Landesstraßen (singular: Landesstraße /de/) are roads in Germany and Austria that are, as a rule, the responsibility of the respective German or Austrian states. The term may therefore be translated as "state road". They are roads that cross the boundary of a rural or urban district (Landkreis or Kreisfreie Stadt). A Landesstraße is thus less important than a Bundesstraße or federal road, but more significant than a Kreisstraße or district road. The classification of a road as a Landesstraße is a legal matter (Widmung).

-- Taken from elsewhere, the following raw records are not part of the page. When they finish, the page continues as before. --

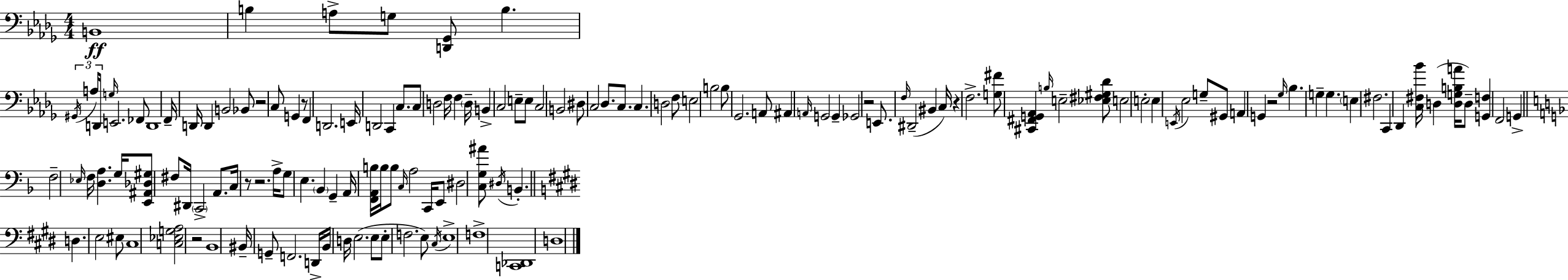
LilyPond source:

{
  \clef bass
  \numericTimeSignature
  \time 4/4
  \key bes \minor
  b,1\ff | b4 a8-> g8 <d, ges,>8 b4. | \tuplet 3/2 { \acciaccatura { gis,16 } a16 d,16 } \grace { g16 } e,2. | fes,8 d,1 | \break f,16-- d,16 d,4 b,2 | bes,8 r2 c8 g,4 | r8 f,4 d,2. | e,16 d,2 c,4 c8. | \break c8 d2 f16 f4 | \parenthesize d16-- b,4-> c2 e8-- | e8 c2 b,2 | dis8 c2 des8. c8. | \break c4. d2 | f8 e2 b2 | b8 ges,2. | a,8 ais,4 \grace { a,16 } g,2 g,4-- | \break ges,2 r2 | e,8. \grace { f16 } dis,2--( bis,4 | c16) r4 f2.-> | <g fis'>8 <cis, fis, g, aes,>4 \grace { b16 } e2-- | \break <ees fis gis des'>8 e2 e2-. | e4 \acciaccatura { e,16 } ees2 | g8-- gis,8 a,4 g,4 r2 | \grace { ges16 } bes4. g4-- | \break g4. \parenthesize e4 fis2. | c,4 des,4 <c fis bes'>16 | d4( <d g b a'>16 d8--) <g, f>4 f,2 | g,4-> \bar "||" \break \key f \major f2-- \grace { ees16 } f16 <d a>4. | g16 <e, ais, des gis>8 fis8 dis,16 \parenthesize c,2-> a,8. | c16 r8 r2. | a16-> g8 e4. \parenthesize bes,4 g,4-- | \break a,16 <f, a, b>16 b16 b8 \grace { c16 } a2 c,16 | e,8 dis2 <c g ais'>8 \acciaccatura { dis16 } b,4.-. | \bar "||" \break \key e \major d4. e2 eis8 | cis1 | <c ees g a>2 r2 | b,1 | \break bis,16-- g,8-- f,2. d,16-> | b,16 d16 e2.( e8 | e8-. f2. e8) | \acciaccatura { cis16 } e1-> | \break f1-> | <c, des,>1 | d1 | \bar "|."
}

In the free states of Bavaria and Saxony – but not, however, in the Free State of Thuringia – Landesstraßen are known as Staatsstraßen.

== Designation ==
The abbreviation for a Landesstraße consists of a prefixed capital letter L and a serial number (e. g. L 1, L 83, L 262 or L 3190). Staatsstraßen in Saxony are similarly abbreviated using a capital S (e. g. S 190) and the Staatsstraßen in Bavaria are prefixed with the letters St (e. g. St 2108).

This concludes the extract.